Ambra, czołowy producent i dystrybutor wina w Europie Środkowo-Wschodniej, zaczęła od zakupu sieci Nalewki i Inne. Wczoraj podała, że dzięki transakcji jej spółka zależna Centrum Wina-Dystrybucja ma obecnie 25 sklepów winiarskich.
Kilka miesięcy temu – zapowiadając to przejęcie w rozmowie z „Rz” – Robert Ogór poinformował, że Ambra może w ciągu dwóch lat kupić także producenta wina. Dzięki restrukturyzacji, której 43-letni prezes poświęcił głównie 2008 rok, spółka ograniczyła bowiem zadłużenie i zwiększyła swoje zdolności do przejęć.

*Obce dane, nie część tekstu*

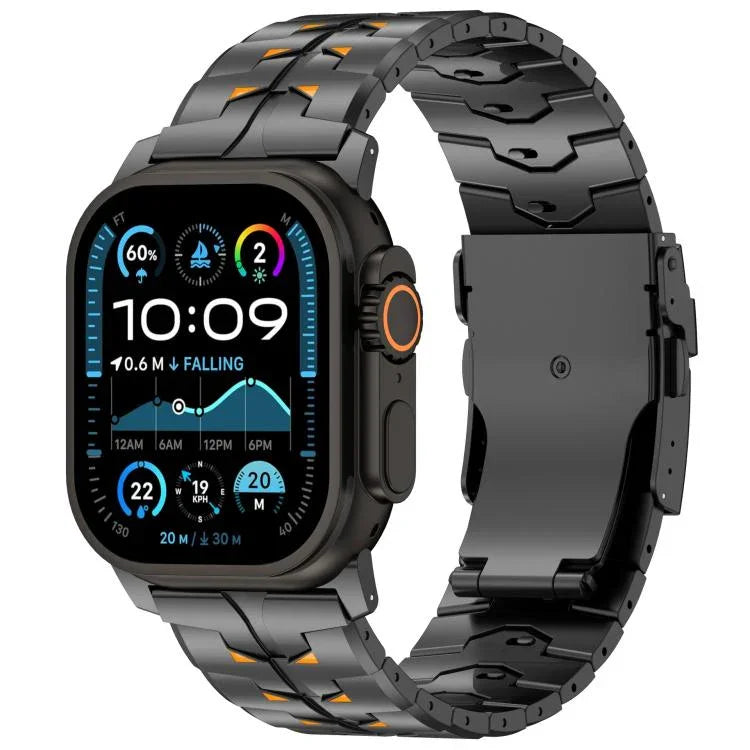 Dây đồng hồ hợp kim titan khóa an toàn tháo rời hai màu rộng 26mm, dành cho Apple Watch 46mm / 49mm / 45mm / 44mm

W przyszłym tygodniu Ambra podsumuje pierwszą połowę roku obrotowego, który zaczął się 1 lipca 2009 r. Robert Ogór wyjaśnia, że spółce nie zależy na zwiększaniu przychodów. Dlatego porządkując jej finanse i ofertę, zrezygnował m.in. z najtańszych win.
Robert Ogór prezesem Ambry został niemal dokładnie dwa lata temu. Zastąpił na tym stanowisku Claudiusa Hilla. Ze spółką związany jest od kilkunastu lat. W 1994 r. inwestorem strategicznym Ambry został Sektkellerei Schloss Wachenheim, w którym Ogór odpowiadał za rynki Europy Środkowo-Wschodniej. Wprowadził tę niemiecką firmę winiarską m.in. do Czech, Rumunii i na Węgry. Obecnie udziały Sektkellerei Schloss Wachenheim w Ambrze przekraczają 61 proc. Do Roberta Ogóra należy niecały 1 proc. akcji spółki.
Siedem lat temu Ogór został wiceprezesem Ambry. Był odpowiedzialny za rozwój grupy, zakupy i produkcję. W 2005 r. brał udział we wprowadzaniu spółki na GPW.